Sin embargo, su hegemonía está lejos de ser completa. El independentismo social y político tiene grandes dificultades para que su discurso conecte en las zonas más netamente obreras del cinturón rojo barcelonés, allí donde se concentra el 70% de la población catalana. La mayor parte de la clase obrera catalana que habita este territorio es de origen inmigrante español (y, en años más recientes, no español) y siente cierta indiferencia hacia los planteos del independentismo, cuando no rechazo. A modo de ejemplo, si el 43% de los catalanes participaron en el referéndum del 1 de octubre, en algunos municipios de este territorio la participación apenas superaba el 30% del censo; mientras que, en otros municipios de la Catalunya rural, la participación superaba ampliamente el 70%. Otro ejemplo de esta desconexión son los resultados electorales de las elecciones autonómicas de septiembre de 2015. En muchos de los barrios obreros de la ciudad de Barcelona, sobre todo en los de menor renta promedio, la derecha españolista de Ciutadans obtuvo el mayor porcentaje de votos, cuando meses antes en esos mismos barrios, se había votado mayoritariamente el proyecto municipalista de las izquierdas integradas en “Barcelona en Comú”, liderado por Ada Colau, la activista antideshaucios. Se trata de barrios donde la derecha ha tenido históricamente problemas para sacar votos pero que, cuando se plantea a sus habitantes una disyuntiva en términos nacionales, vota siguiendo su identidad española de origen.
Perspectivas
Ante este panorama la duda que asalta es, ¿se puede construir un nuevo país de espaldas a los intereses del grueso de la clase obrera catalana? Seguramente, sí. Pero tildarlo de revolución, ruptura o cualquier otro término que apele a una participación popular masiva aparece, entonces, como una broma de mal gusto para mayor escarnio de quienes parecen ser unos simples convidados de piedra en todo este proceso. Se podrá argüir que es culpa de estos sectores su falta de voluntad para involucrarse mayoritariamente con un proyecto político democratizador. Pero también podríamos darle la vuelta al argumento y preguntarnos por qué estos sectores no se sienten llamados a participar en uno de los momentos políticos más vibrantes de la reciente historia catalana. ¿Qué responsabilidad tiene el independentismo, de derechas e izquierdas, en el rechazo de estos sectores a la independencia? ¿Y la izquierda transformadora, se responsabilizará por la derechización de las que deberían ser sus bases naturales de apoyo?

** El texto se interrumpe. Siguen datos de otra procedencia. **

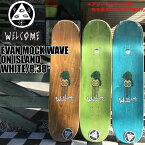 スケート デッキ WELCOME ウェルカム EVAN MOCK WAVE ON ISLAND WHITE 8.38 SK8 あす楽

La mayoría de los catalanes quiere votar en un referéndum vinculante para decidir su futuro. Las elecciones de diciembre no van a solucionar el conflicto si se plantean como unas elecciones autonómicas más. Por el contrario, pueden hacerlo volver al punto de partida, ahora con un reforzamiento de las opciones más reaccionarias, como Ciutadans, por culpa de la polarización nacional. Si en algún momento pareció que Catalunya iba a ganar en ampliación de derechos democráticos y libertades apostando por la independencia, hoy el horizonte anuncia una involución creciente.
Impedir que Catalunya pueda ejercer su legítimo derecho a la autodeterminación es un aviso a toda fuerza política que ose cuestionar el statu quo emanado de los pactos de la Transición. Pero si algo podemos aprender de ésta es que un cambio de régimen sin que las masas tomen las riendas de los acontecimientos se puede traducir en un simple recambio de élites lampedusiano. Esperemos que la historia no se repita en Catalunya.